In 2012, the Women’s Resource Agency will celebrate 40 years in business. The agency, a nonprofit organization with a $425,000 annual operating budget, is focused on helping women achieve economic independence through personal coaching and job training programs. The agency is run with a staff of eight and a cadre of 125 volunteers. All programs, including the suits, are free.

This summer an anonymous donor provided the agency with eight new desk top computers for resume development, Microsoft certification courses and online job-hunting, said Aubrey Terry, Women’s Resource Agency director of programs. Each week, 25 to 30 women use that career center to find jobs.

Women who complete the agency’s six-week “Going Places” job training workshop have an 80 percent employment rate, Terry said. They are landing jobs from entry level positions to retail managers to teachers, she said.

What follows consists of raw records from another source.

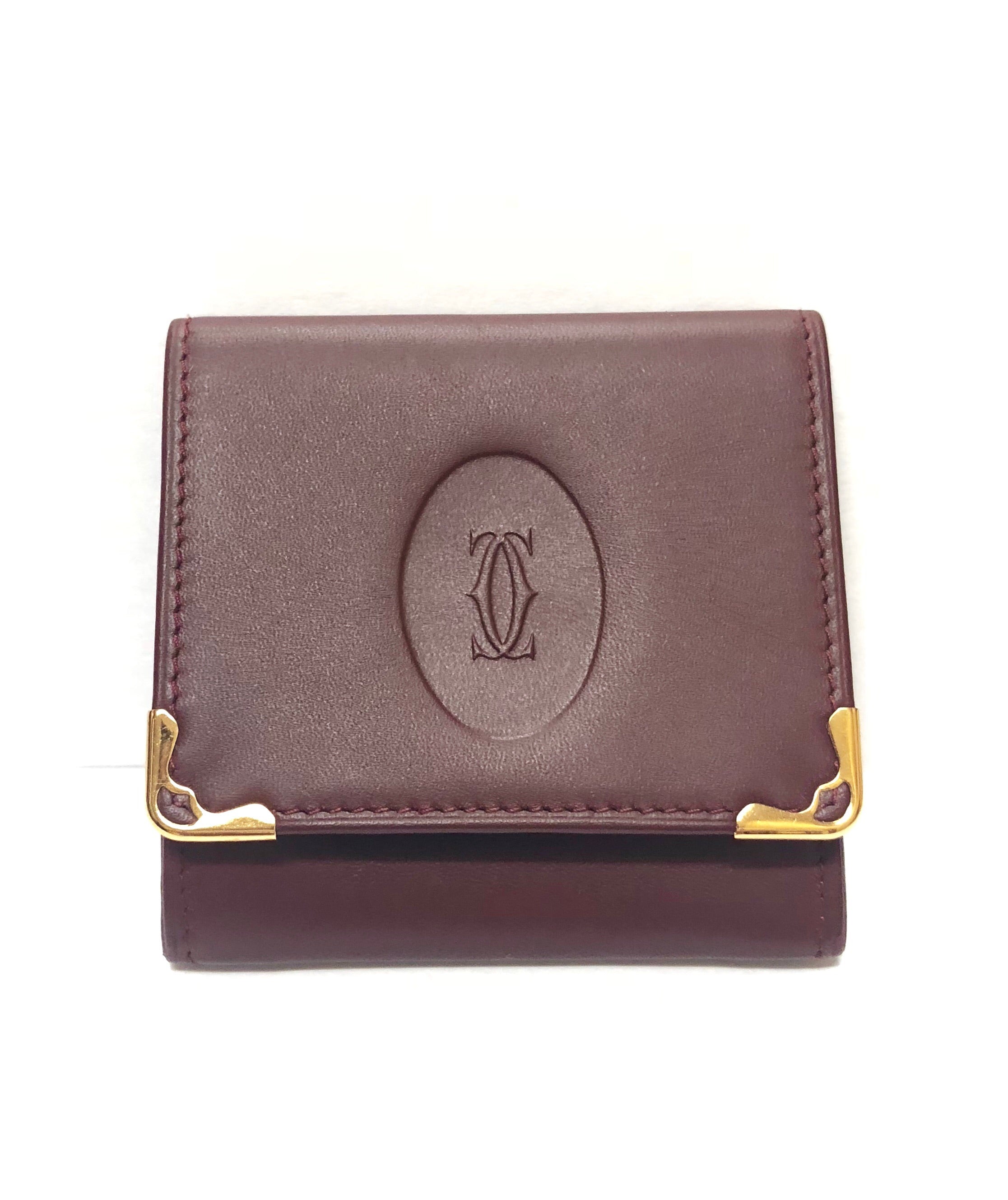 すぐ届く*Cartier*カルティエ*SQUARE COINPURSE, CARTIERLOSANGE CRL3001372 - Square Coin Purse, Must de Cartier - Black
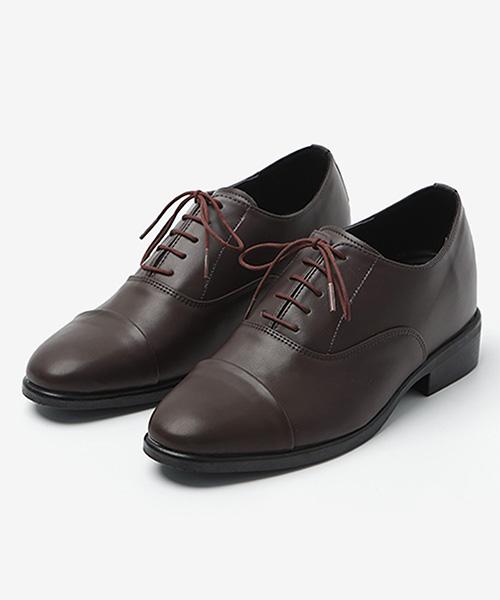 Pascorozen Jc1500-Br Bordeaux 5-Hole Straight-Tip Dress Shoes Brown [250~280Mm]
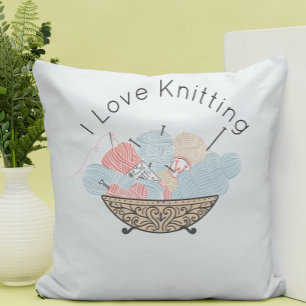 Kärlek Knitting Yarn Bowl Kudde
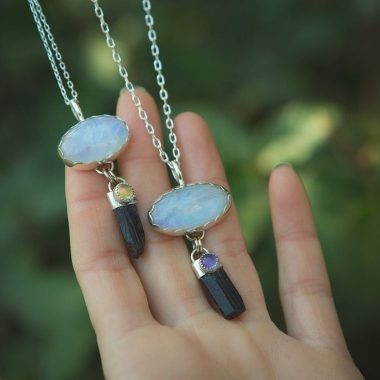 Colgante tripera turmalina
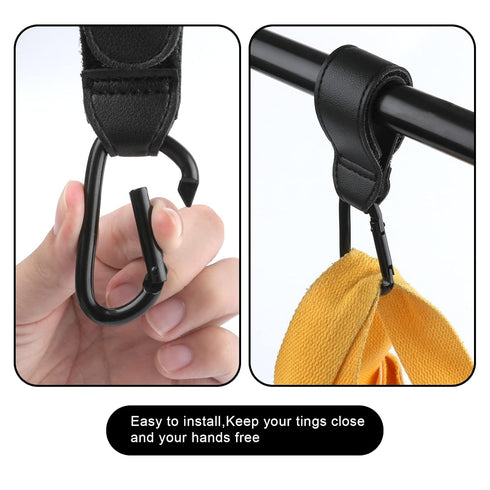 Stroller Hooks, Carriage Hooks for Bag, 2pcs Mommy Bag Hook Stroller Organizer Hook Clip Heavy Duty Stroller Clip for Bags Hanging Shopping Diaper...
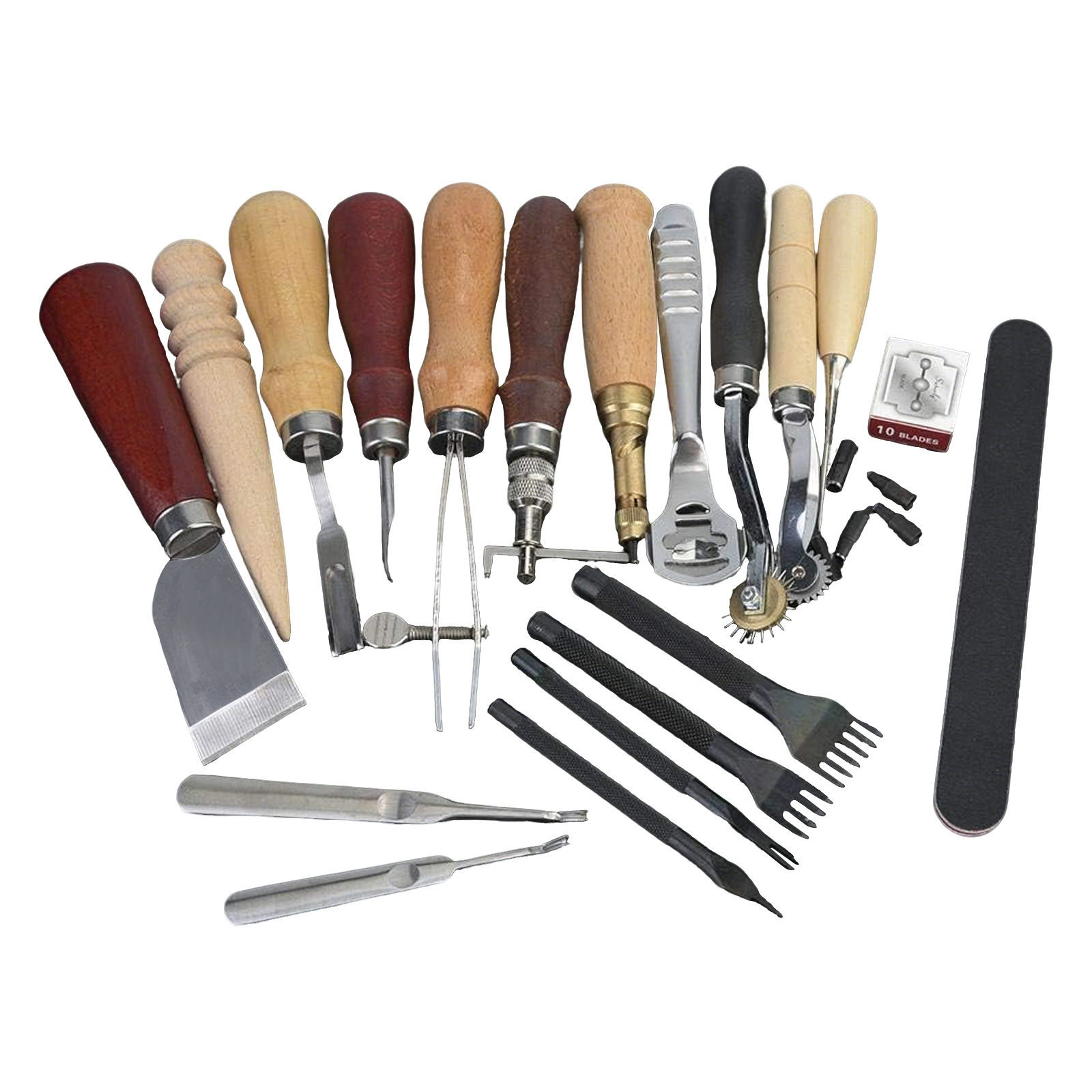 Leather Tools, 19 Pcs Leather  - огляд і ціна Leather Work Organiser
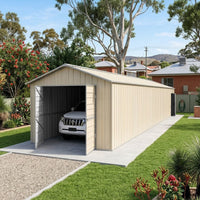 Double Barn Door Garage Shed 10.64m x 3.6m x 3m (Gable) Workshop with 7 Frames EXTRA High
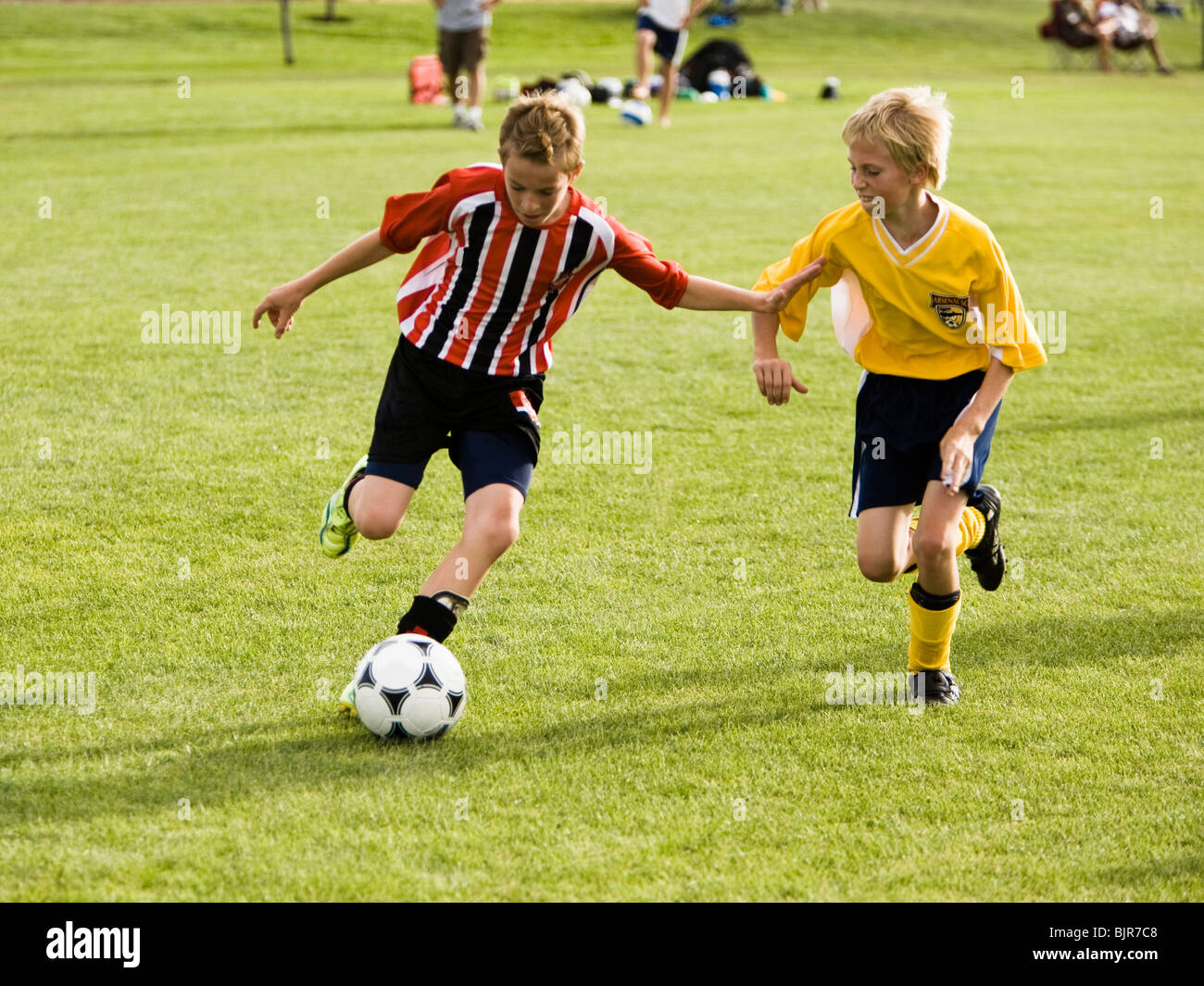 youth soccer players Stock Photo Alamy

“We have women who are in their 50s who are going back to work,” Terry said. “We give them personal support — a

holistic approach.”

Providing interview suits to women is the No. 1 mission of Dress for Success, an international nonprofit agency that launched in 1997. The Colorado Springs Women’s Resource Agency became an affiliate of Dress for Success in 2004.

Since then, it’s been a hit and there has been no shortage of gently used or new suits and accessories donated to the program, Roalstad said.

“We have so much support from this community,” she said. “We get a lot of great clothing.”

In 2007, the agency opened a boutique in The Citadel mall and this summer expanded into a 5,000-square-foot location in the mall. There are racks of suits — some with big designer names — shelves of shoes, handbags, jewelry and scarves and volunteer personal shoppers to assist.

“We have everything they need to make a polished outfit,” Roalstad said.

For women in Cripple Creek getting to those clothes has been the problem, said Ted Borden, executive director of Aspen Mine Center, which houses two dozen service organizations.

“Transportation has been a huge issue in Teller County, there is no public transit,” he said. “The challenge for these folks to get down to Colorado Springs is no easy task.”

The Aspen Mine Center has a clothes closet, he said, but often it doesn’t have the professional business attire needed for a job interview.

“For (Women’s Resource Agency) to come up and make those clothes available up here is a really important,” Borden said.

The Mobile Career Center shuttle bus is out on the road once a week for now, but Roalstad is hoping that as word gets out, the dressing room on wheels will be out five days a week.

“We have a handful of volunteers ready to make anyone look fantastic,” Roalstad said.